**Exercise details**
Among the lines below, the one containing "Tampax Cardboard Applicator, Regular" opens the range and the one containing "Puzzle Fleet()1.1.1׿ͼ1" closes it. Print that range exactly, without the pictures.

**Records supplied**
===
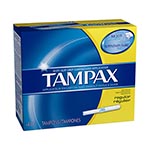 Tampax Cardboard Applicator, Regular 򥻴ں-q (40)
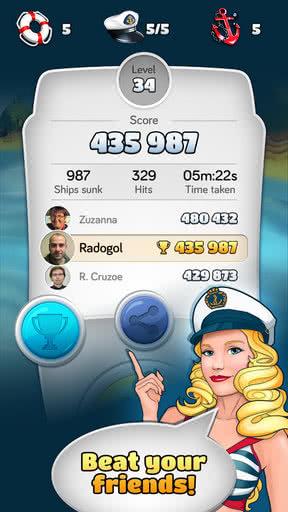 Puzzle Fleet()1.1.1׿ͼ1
===
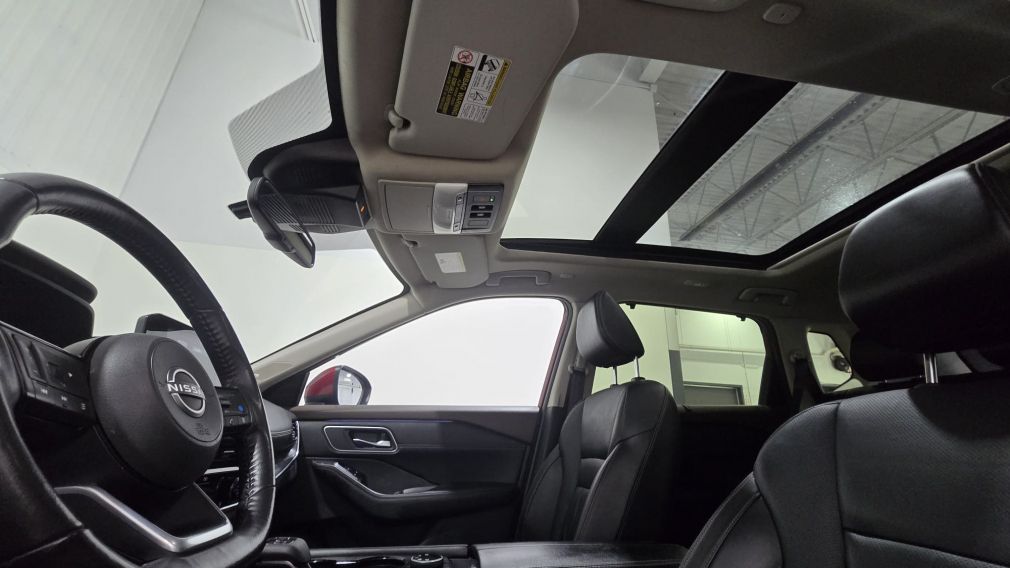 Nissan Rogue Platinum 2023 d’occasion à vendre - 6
===
**Written response**
 Tampax Cardboard Applicator, Regular 򥻴ں-q (40)
 Puzzle Fleet()1.1.1׿ͼ1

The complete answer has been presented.